Marry those two technologies, and things get interesting. The all-electric BMW i3 has a carbon-fiber frame that extends its range by making it significantly lighter. Other possibilities include light but strong parts for drones and other aircraft, as well as replacing materials in many everyday objects—from furniture to machine tools—with carbon fiber.
“We give you the strength of metal for the cost of plastics,” says Greg Mark, chief executive of MarkForged Inc., a Cambridge, Mass., company founded in 2013 that sells a machine that 3-D prints carbon-fiber composites.
The printer costs $5,000 and is being used by at least one automotive manufacturer to make parts for the machines that make cars, according to Mr. Mark. The company won’t say which, but Nissan Motor Co. is listed as a customer on MarkForged’s website. “We like to tell people we’re the parts behind the part,” says Mr. Mark.
Nissan didn’t respond to a request for comment.

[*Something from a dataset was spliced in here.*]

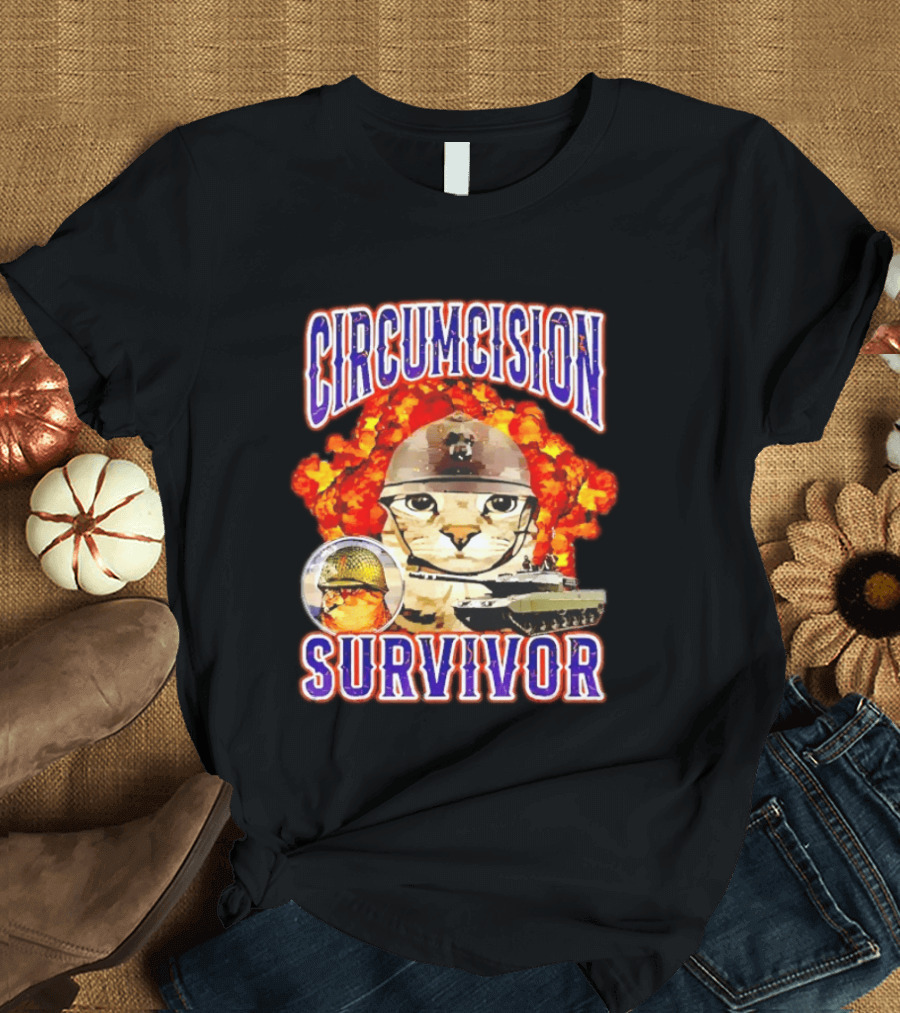 Circumcision Survivor Cat Explosion Tank Helmet T-Shirt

Today, such parts are most often made by machinists using computerized mills to carve solid blocks of metal. (This also is, incidentally, how the body of Apple Inc.’s laptops is produced.)
A competing carbon-fiber 3D-printing technology is taking on a potentially bigger opportunity—the method for producing the overwhelming majority of plastic parts.

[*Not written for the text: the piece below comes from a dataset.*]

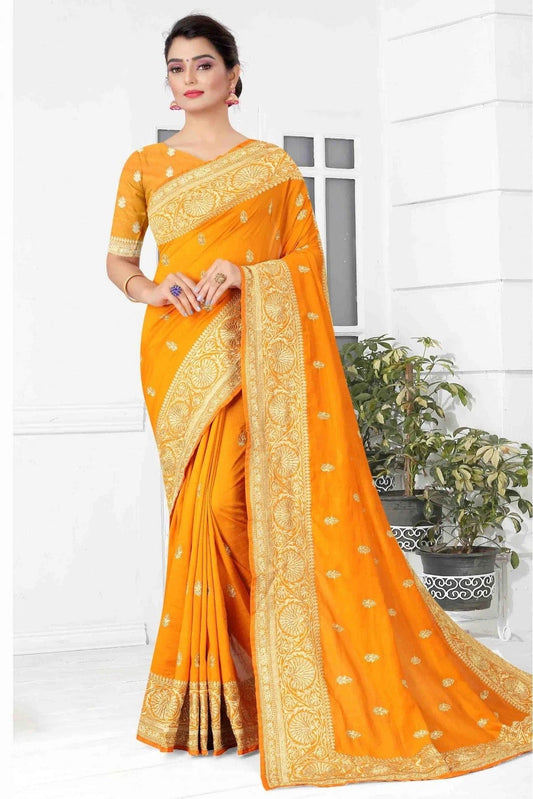 Mustard Colour Vichitra Silk Designer Saree SD1120706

“Our long-term goal is to replace injection molding,” says Robert Swartz, founder and chief technical officer of Impossible Objects LLC, which recently unveiled a machine that can 3-D print composites with a huge variety of materials.
Chicago-based Impossible Objects’ process combines fabrics such as silk, polyester, Kevlar, cotton or carbon fiber with any 3-D printable plastic, including ones used for high-temperature applications.
Impossible Objects’ process differs from previous 3D-printing technologies. Instead of printing an object one layer atop the other, every layer of the object can be printed at once, in two dimensions, on a large sheet of fabric. The layers are then cut out and stacked one on top of the other, like a layer cake, and baked in an oven.
The machine operates on the same principles as an inkjet printer, spraying the plastic out of print heads as tiny droplets, at high speed. That means it eventually could be fast, says Mr. Swartz. The maturity of traditional 2-D printing, on which Mr. Swartz’s process is based, makes him think it could someday be relatively inexpensive.

Traditional manufacturing won’t go away—we still make glass in essentially the same way as the Romans, after all—but it may never be the same again.